Depois de anos de discussão e ultrapassado o impasse de uma reunião em Março, a União Europeia chegou finalmente a acordo sobre a adopção de medidas que vão obrigar as empresas petrolíferas, de gás, de diamantes, de minerais ou de florestas a declararem os pagamentos superiores a 100 mil euros aos governos dos respectivos países onde operam, incluindo impostos e taxas de licença.
O acordo foi selado na terça-feira, é visto como uma conquista e foi saudado pelo vocalista dos U2 e activista Bono como um marco no combate à corrupção. “A transparência é uma das melhores vacinas contra a corrupção e agora os cidadãos em todo o mundo vão saber quanto é que valem mesmo os recursos naturais dos seus países”, disse, citado pelo Guardian.

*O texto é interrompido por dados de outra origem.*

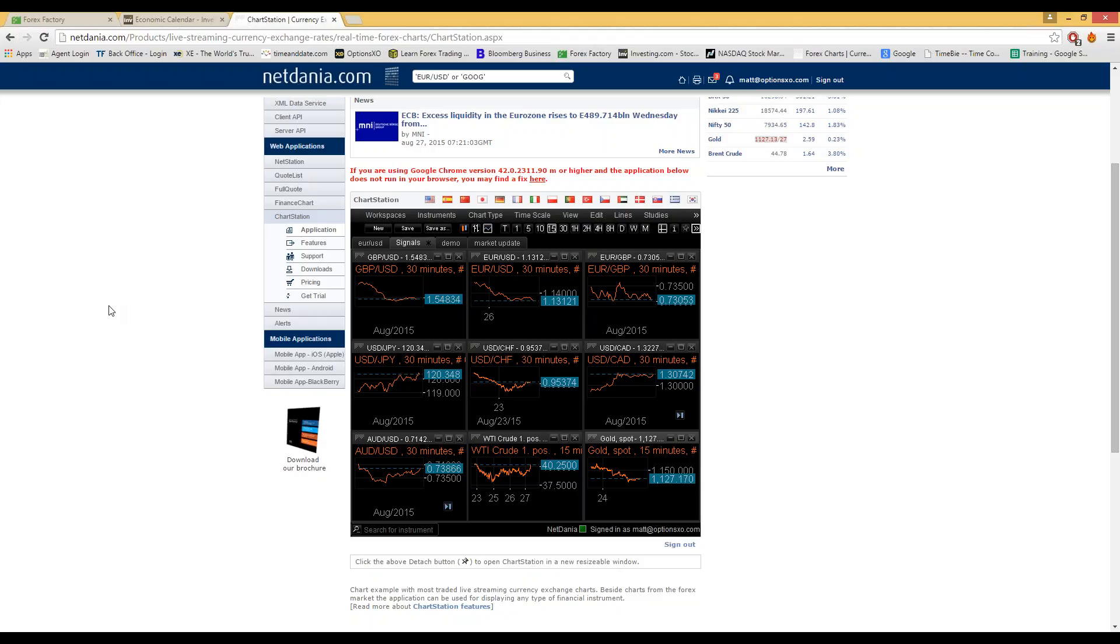That seems like the majority of the stuff for today. And we will catch you tomorrow. Best of luck.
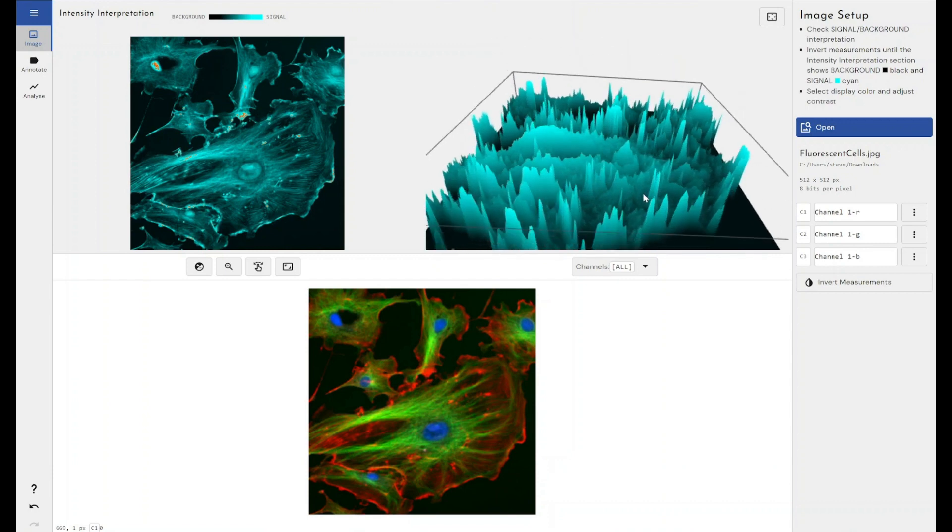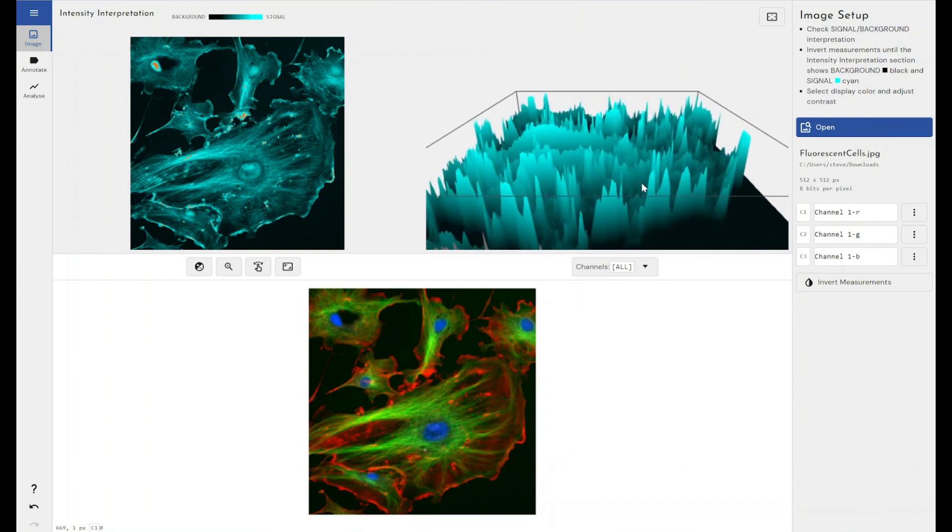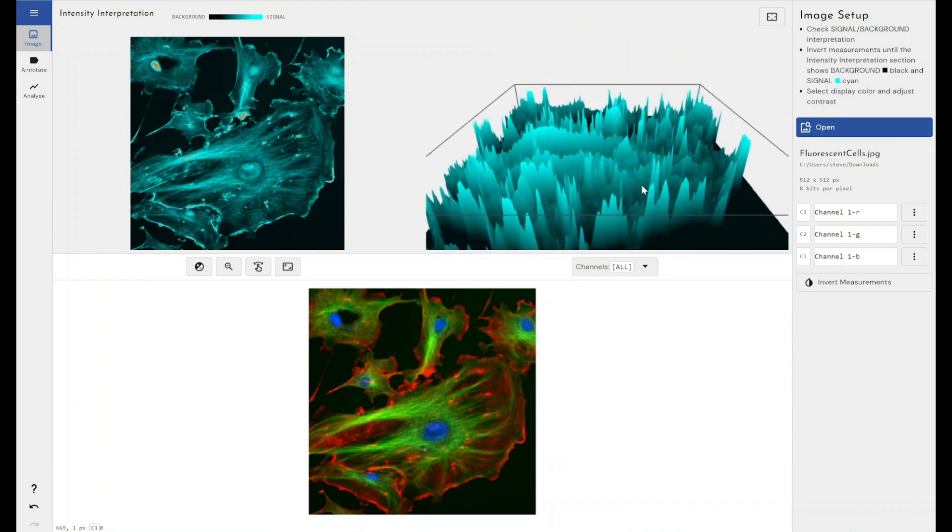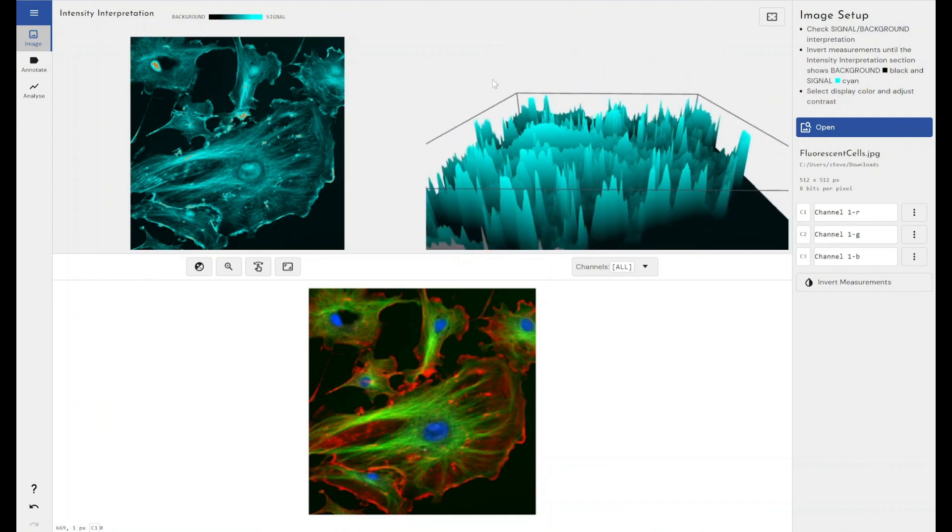This image is actually displaying properly, but if my image had been brought in and was needed to be inverted, I can simply use this button here to invert the measurements and invert the image.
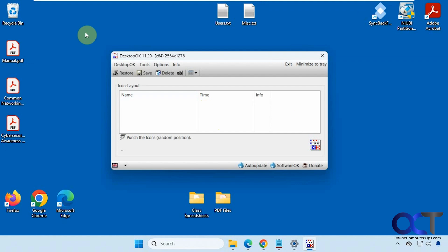So let's say I have these icons just where I like them. All I need to do is click on save and now I have it saved here and it'll save it with the resolution name.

O comissário europeu Michel Barnier comentou em comunicado: “Este acordo vem trazer uma nova era à transparência numa indústria que está envolvida vezes demais em secretismo, e vai ajudar a combater a evasão fiscal e a corrupção”. Por seu lado, o director da organização não-governamental americana de combate à corrupção Global Financial Integrity (GFI), Raymond Baker, reiterou a ideia em comunicado e acrescentou: “Este acordo é uma vitória enorme para todos os que se importam com o combate à pobreza.
Pesquisas da GFI mostram que as perdas anuais para o crime, corrupção e evasão fiscal são da ordem de um bilião (milhão de milhão) de dólares. “Para os cidadãos de países ricos em recursos naturais, as novas regras da UE vão ser uma clarificação dos sítios que mais precisam disso”, disse.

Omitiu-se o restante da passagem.